Couper pour souffler, enfin, couper pour respirer, ne plus avoir peur de laisser le temps filer, profiter de ses proches et se laisser bercer par la quiétude du moment. C’est le temps des vacances d’été et les skippers du Vendée Globe de retour sur terre depuis une poignée de mois le savent autant que quiconque. Pourtant, difficile d’avoir la tête à 100% aux vacances quand les échéances à venir sont nombreuses, quand le compte-à-rebours pour la prochaine édition est déjà lancé et que plusieurs courses marqueront cette deuxième partie de la saison. Il n’empêche, des tendances se dessinent et les marins que nous avons interviewés semblent davantage aoûtiens que juilletistes.
« J’ai le nez dans le guidon, comme toujours » (Pip Hare)
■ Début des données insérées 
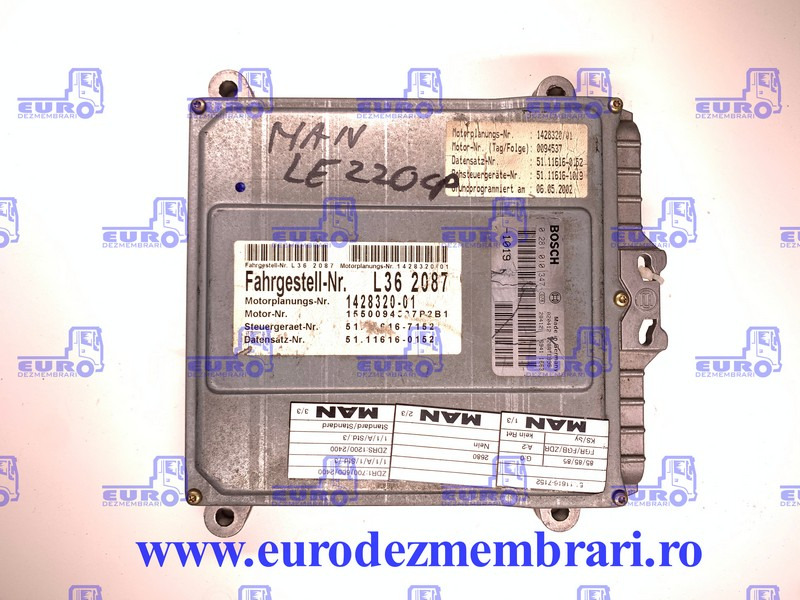 CALCULATOR MOTOR MAN LE 220CP 0281010347 - Centralina electrónica por Camião: foto 1 CALCULATOR MOTOR MAN LE 220CP 0281010347 - Centralina electrónica por Camião: foto 1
En juillet, « l’activité est très intense », explique d’ailleurs Stéphane Le Diraison. Le skipper s’est lancé dans « un projet ambitieux pour le Vendée Globe 2024 avec un bateau neuf qui soit à la fois performant au niveau sportif et environnemental ». Alors qu’il dévoilera à l’automne les détails de sa démarche, ses dernières semaines ont été accaparées par « les discussions avec les partenaires, avec les architectes » tout en effectuant quelques sorties en mer pour « remercier ceux qui m’ont aidé à faire le dernier Vendée Globe ».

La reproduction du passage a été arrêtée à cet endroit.